* [ABOUT THIS EXERCISE]: Starting at the line that contains "Wargame Exclusive is" and stopping at the line that contains "Our first panelist", restate each line of the records below exactly. Omit the pictures.

----- PROVIDED ENTRIES

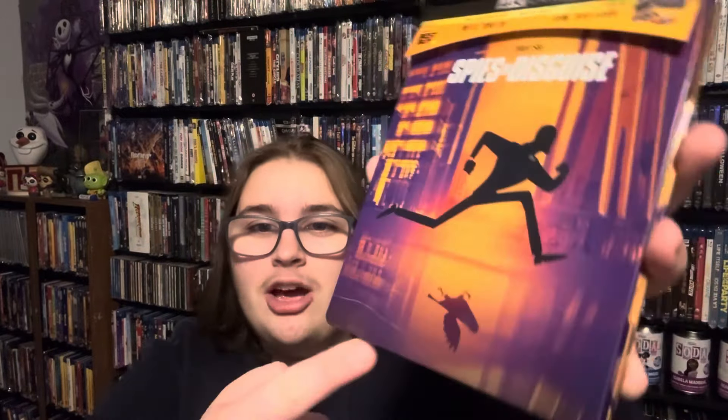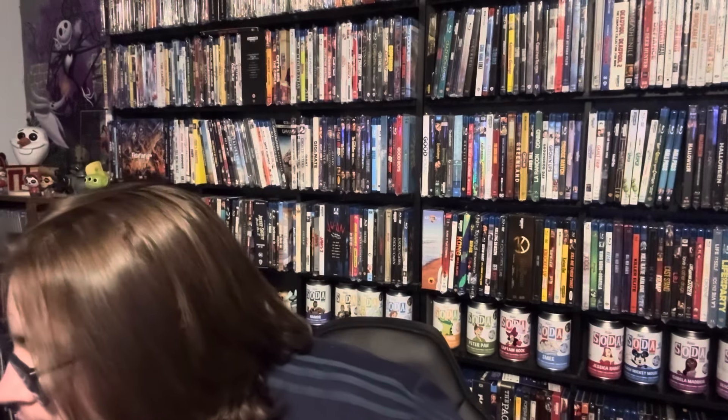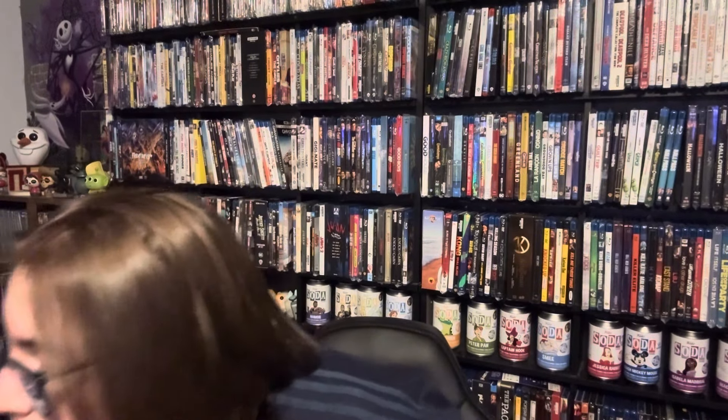Best Buy has been clearancing out, so I've been taking advantage. I grabbed Spies in Disguise for ten dollars on their website. It did come scratched and they can't get me another copy — I need the 4K disc, it is what it is, but that's definitely a bummer. I've seen this movie before, it's not bad, but I'm not sure if I'll go back to it. We'll add it to the collection.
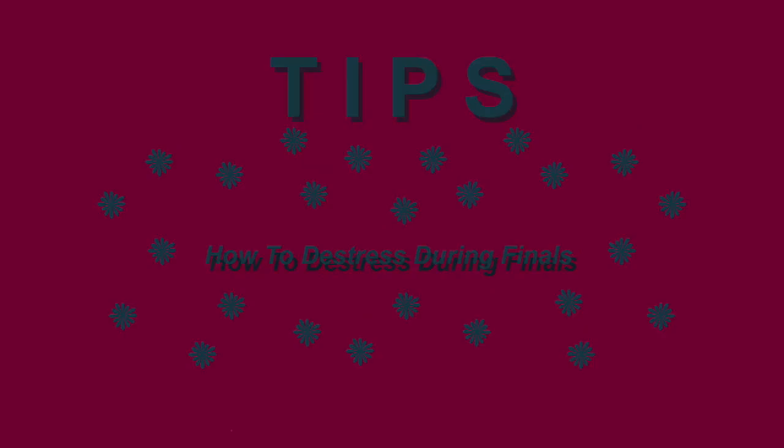Hey guys, what is up? So it's Cat2Loss here. Today I'm going to be doing 10 things that you can do to be less stressed during finals. Right now I'm a senior in college and I've been trying to keep calm by doing some things that are nice and stress relieving.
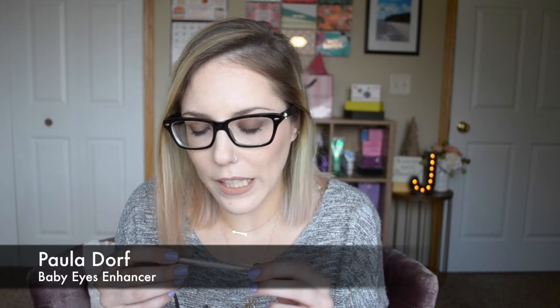Okay, so first thing here — this is Paula Dorf Enhancer, and it says 'Baby Eyes.' I'm assuming it's something you put under your waterline to make your eyes look brighter. It's super tiny. It says Baby Eyes, so I'm assuming it's for the eyes.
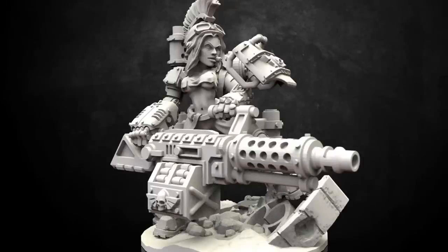Wargame Exclusive is keeping it real with four new exciting 28mm scale boutique miniatures that you have to see to believe.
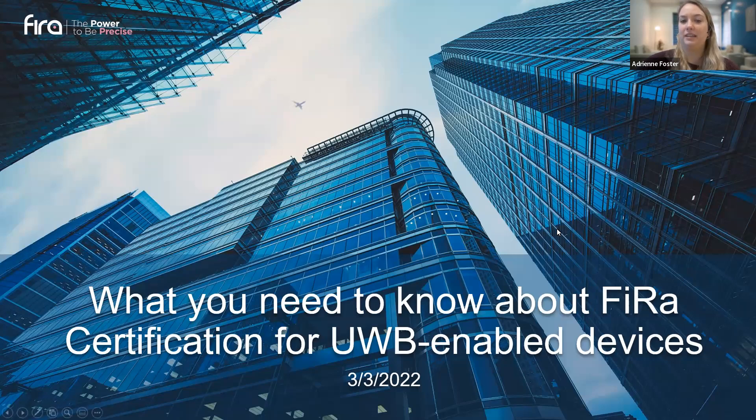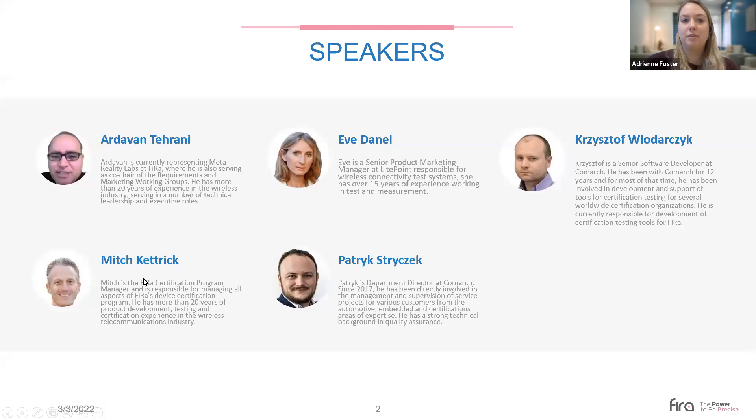Our first panelist is Ardavan Torani, currently representing Meta Reality Labs at FiRa, where he serves as co-chair of the Requirements and Marketing Working Groups with over 20 years of experience in the wireless industry. Next is Mitch Kederick, the SPHERE Certification Program Manager, responsible for all aspects of FiRa's device certification program, with more than 20 years of product development, testing, and certification experience in wireless telecommunications.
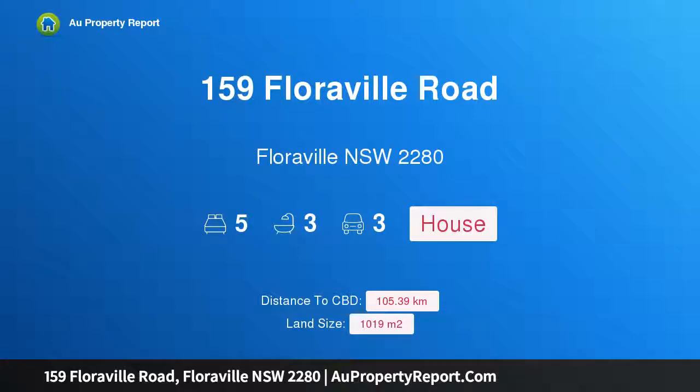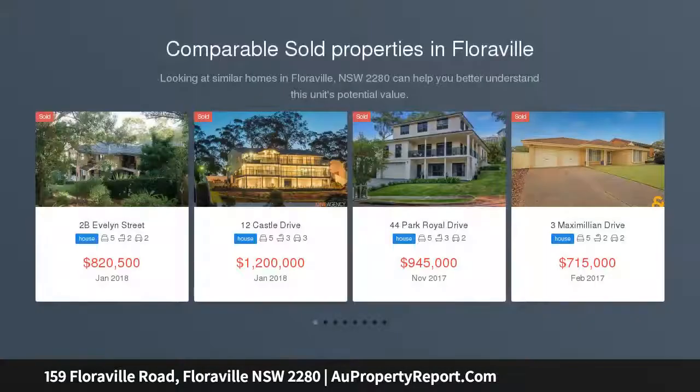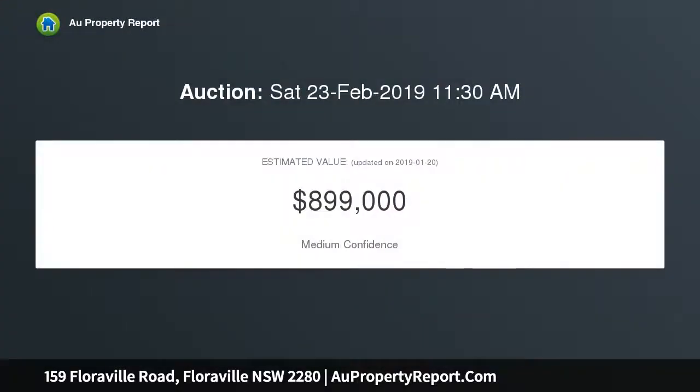Introducing 159 Floraville Road, Floraville New South Wales 2280. Broad family appeal, five minutes from the lake — instantly comfortable, this tri-level five bedroom, three bathroom home is perfect for established or blended families, with its sprawling open plan living area, top floor parents retreat, and large-scale games room.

----------

* [RESPONSE TO THIS EXERCISE]:
Wargame Exclusive is keeping it real with four new exciting 28mm scale boutique miniatures that you have to see to believe.
Our first panelist is Ardavan Torani, currently representing Meta Reality Labs at FiRa, where he serves as co-chair of the Requirements and Marketing Working Groups with over 20 years of experience in the wireless industry. Next is Mitch Kederick, the SPHERE Certification Program Manager, responsible for all aspects of FiRa's device certification program, with more than 20 years of product development, testing, and certification experience in wireless telecommunications.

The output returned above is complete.